◆ **Task objective**: Copy every line below that has the word "frequency" in it.

(Web page caption snippets)
== Segment start ==

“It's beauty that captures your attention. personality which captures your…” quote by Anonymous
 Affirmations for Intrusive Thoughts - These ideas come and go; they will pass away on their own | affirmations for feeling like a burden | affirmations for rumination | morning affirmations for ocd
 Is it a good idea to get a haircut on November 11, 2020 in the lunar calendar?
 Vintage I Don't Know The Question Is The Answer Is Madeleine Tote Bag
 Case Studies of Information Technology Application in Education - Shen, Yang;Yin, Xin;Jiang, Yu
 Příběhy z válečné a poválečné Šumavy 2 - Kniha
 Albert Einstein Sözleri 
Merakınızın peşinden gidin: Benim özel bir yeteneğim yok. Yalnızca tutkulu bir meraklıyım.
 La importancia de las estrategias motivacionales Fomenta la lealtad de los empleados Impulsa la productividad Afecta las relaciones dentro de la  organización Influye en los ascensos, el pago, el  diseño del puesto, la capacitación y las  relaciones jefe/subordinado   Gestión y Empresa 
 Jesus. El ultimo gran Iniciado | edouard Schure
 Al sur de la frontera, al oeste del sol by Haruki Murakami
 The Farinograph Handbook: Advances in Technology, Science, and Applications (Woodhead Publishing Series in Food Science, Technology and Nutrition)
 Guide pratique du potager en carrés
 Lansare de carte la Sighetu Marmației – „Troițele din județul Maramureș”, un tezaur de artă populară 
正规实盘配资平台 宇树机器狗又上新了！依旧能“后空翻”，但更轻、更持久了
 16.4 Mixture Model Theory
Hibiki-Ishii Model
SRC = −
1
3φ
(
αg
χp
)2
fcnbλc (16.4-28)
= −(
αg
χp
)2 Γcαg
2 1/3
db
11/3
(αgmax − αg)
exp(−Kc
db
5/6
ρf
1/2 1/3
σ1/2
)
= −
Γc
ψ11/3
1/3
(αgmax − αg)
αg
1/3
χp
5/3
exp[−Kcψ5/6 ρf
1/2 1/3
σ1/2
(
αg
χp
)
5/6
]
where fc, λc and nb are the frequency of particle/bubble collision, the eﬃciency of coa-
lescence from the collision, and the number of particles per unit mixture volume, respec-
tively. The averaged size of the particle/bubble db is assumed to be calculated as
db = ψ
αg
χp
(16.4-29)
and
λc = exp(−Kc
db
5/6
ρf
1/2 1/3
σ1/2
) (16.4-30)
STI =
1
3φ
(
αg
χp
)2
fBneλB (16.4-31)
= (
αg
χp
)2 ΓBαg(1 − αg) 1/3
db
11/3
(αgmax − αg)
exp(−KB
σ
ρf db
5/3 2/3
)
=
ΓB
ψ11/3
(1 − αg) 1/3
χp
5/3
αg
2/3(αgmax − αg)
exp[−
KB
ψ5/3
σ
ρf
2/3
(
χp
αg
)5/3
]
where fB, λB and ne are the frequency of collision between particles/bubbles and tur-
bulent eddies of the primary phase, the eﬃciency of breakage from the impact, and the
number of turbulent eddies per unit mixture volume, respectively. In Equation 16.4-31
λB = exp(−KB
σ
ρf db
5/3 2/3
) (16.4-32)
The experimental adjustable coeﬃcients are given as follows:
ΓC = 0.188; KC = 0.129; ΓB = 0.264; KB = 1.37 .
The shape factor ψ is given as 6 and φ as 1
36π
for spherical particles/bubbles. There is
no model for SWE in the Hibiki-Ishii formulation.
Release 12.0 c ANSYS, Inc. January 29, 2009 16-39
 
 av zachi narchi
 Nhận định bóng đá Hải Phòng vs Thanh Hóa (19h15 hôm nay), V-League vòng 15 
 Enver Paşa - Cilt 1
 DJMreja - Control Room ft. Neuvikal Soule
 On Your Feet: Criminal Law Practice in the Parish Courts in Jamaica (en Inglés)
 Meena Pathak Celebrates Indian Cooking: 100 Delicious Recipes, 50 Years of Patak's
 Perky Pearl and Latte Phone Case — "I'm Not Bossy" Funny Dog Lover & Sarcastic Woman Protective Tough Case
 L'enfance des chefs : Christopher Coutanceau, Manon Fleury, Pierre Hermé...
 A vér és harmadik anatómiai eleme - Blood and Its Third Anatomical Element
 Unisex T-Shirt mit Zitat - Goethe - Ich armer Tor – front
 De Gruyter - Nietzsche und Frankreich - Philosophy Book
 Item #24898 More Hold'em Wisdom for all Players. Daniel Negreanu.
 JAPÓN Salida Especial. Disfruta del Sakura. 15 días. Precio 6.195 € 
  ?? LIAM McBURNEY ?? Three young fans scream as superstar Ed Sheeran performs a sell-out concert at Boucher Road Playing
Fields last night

== Segment end ==

◆ **Result below**:
where fc, λc and nb are the frequency of particle/bubble collision, the eﬃciency of coa-
where fB, λB and ne are the frequency of collision between particles/bubbles and tur-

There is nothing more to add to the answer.